Alabama McDonald’s owner-operators and father-son duo share a story of love and success

The owner-operators of Alabama McDonald’s larryand Dale Thortonserve as successful entrepreneurs and community leaders, but maintain a father-son bond that includes the family business.

Larry Thornton Sr, father of three, who became the first McDonald’s franchise owner in Birmingham, Alabama in 1992, inhelped his children learn the trade and gave his son Dale his first job at the age of ten.

L. Dale Thornton, Jr., Larry D. Thornton, III AKA Tre and Larry D. Thornton, Sr. (Image courtesy of the Thorntons)

“My parents were very religious and so you know you go to church or you go to work and so I got old enough that I couldn’t fall asleep in church anymore so that’s how I started going to work,” Dale told Black. Company. “I remember on the first day of July 20, 1992, I was making $2 an hour and I think I worked 9 1/2 hours and my dad gave me the $20 bill and that’s at That’s when I fell in love with making my own money.”

For Dale, in addition to earning money, he spent invaluable time watching his father run his McDonald’s franchise. Growing up, Dale took on more responsibility, working on the register, in the kitchen and in the corporate chain, eventually getting his own McDonald’s franchise at age 25.

“I can’t tell you how proud I am that he chose this and I hope he would because it comes down to this statement that I never wanted anyone to ask what happened to that black man who owned McDonald’s?” said Larry Thornton.

“Well, that hasn’t happened in 30 years and with Dale’s interest, enthusiasm and passion for the business, we hope we won’t have to hear that for another 30 or 40 years. It was a joy to watch him grow from a playground manager through college, get a business degree and be here today, I can’t think of anything better than having the opportunity to grow together and watch it.

Besides having the fast food giant in common, Larry and Dale are also HBCU alumni. Larry attended Alabama State University while Dale attended Miles College and both have given back to their schools.

In 2011, Larry gave his alma mater the largest donation in the school’s 150-year history with the help of McDonald’s. Dale is set to give the same gift to Miles College with the help of the fast food giant.

“Watching what my dad did, I was motivated to do the same for my school,” Dale said. BLACK BUSINESS.

“Miles is a small HBCU, but it changed my life and gave me the opportunity to start and move forward.”

Outside of running his McDonald’s, Larry is a authorentertainer and motivational speaker, who sits on the board of directors directors of Coca-Cola United one of the largest independent bottlers in the country. Dale is also a member of several McDonald’s boards, including the Works from Ronald McDonald Houses of Alabama and national operator Black McDonald’s Association.

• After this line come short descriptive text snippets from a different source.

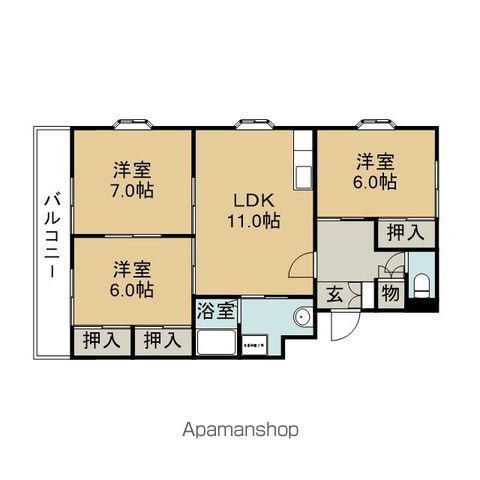 パークサイド・カワセ(3LDK/3階)の間取り写真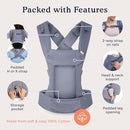 Beco Gemini Baby Carrier Newborn to Toddler - Front, Back and Hip Seat Carrier, Baby Carrier Backpack & Baby Front Carrier with Adjustable Seat, Ergonomic Baby Holder Carrier 7-35lbs (Jade Leopard) by TinyTreasures Baby Boutique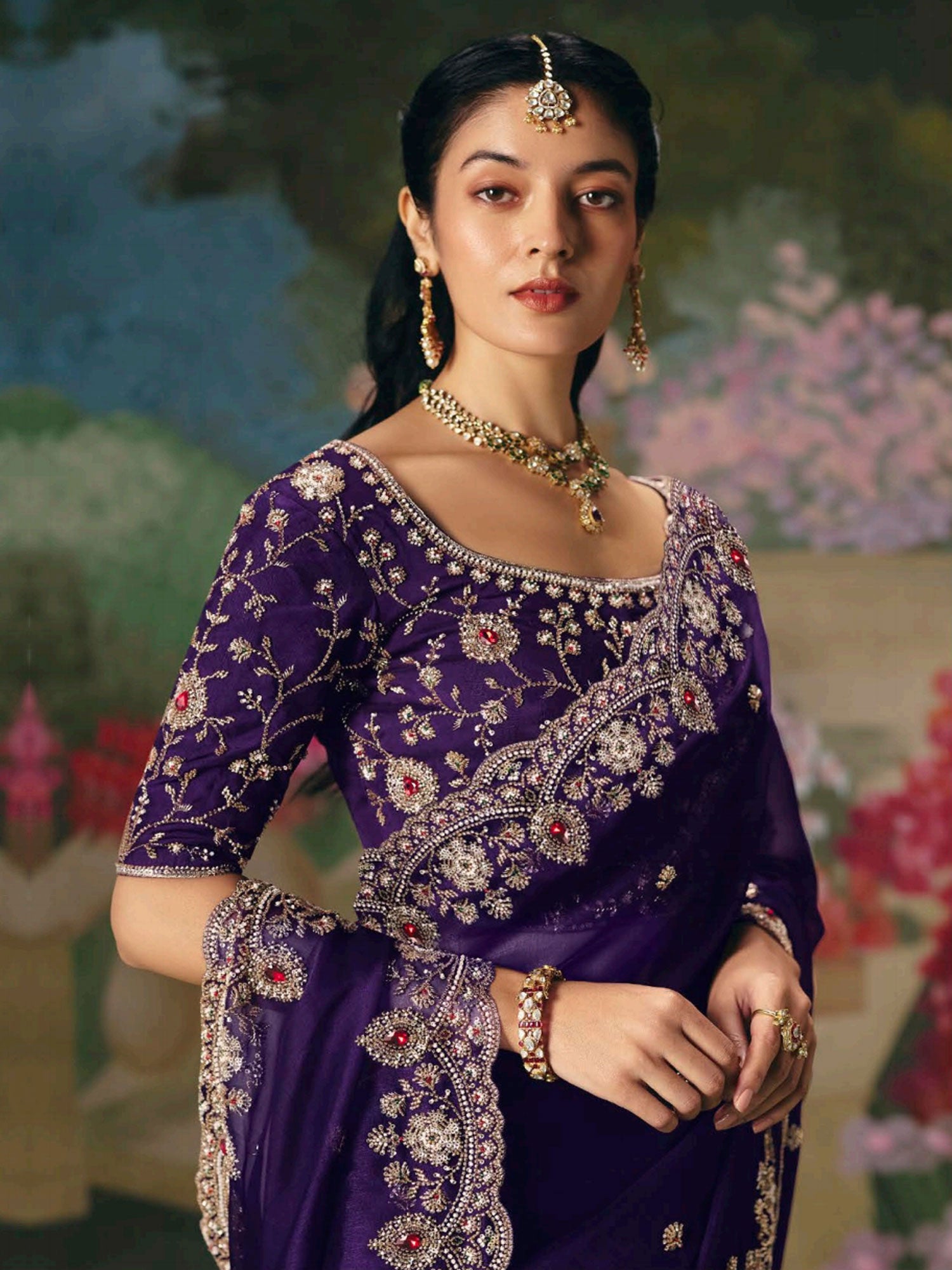 Purple Silk Saree With Embroidred Blouse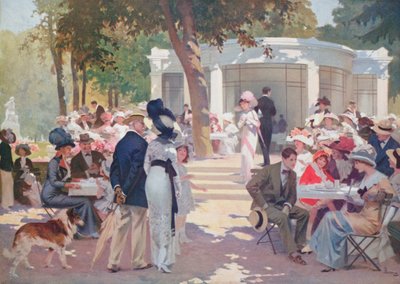 A hora deliciosa, ilustração para uma brochura sobre o spa termal em Vittel, final do século XIX de Rene Lelong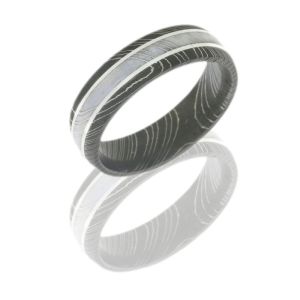 Lashbrook D6D2.5-SS POLISH-ACID Damascus Steel Wedding Ring or Band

Now Larry’s grandson and Dale’s son, Larry ‘Tre’ Thornton, III who is about to enter university himself, is on the same path and although he has different dreams outside of McDonald’s, he is also learning the trade and the importance of the path taken by his father and his grandfather.

“I especially want to see how my dad came to be and all the things my grandfather does, it just gives me a role model for the next generation and what I want to do for my kids,” Tre said. BLACK CORPORATE.

“There’s an image around black dads that they’re not there and if they’re there, maybe the advice they passed on wasn’t helpful, but the information that was passed on to me was the best I could have ever had.”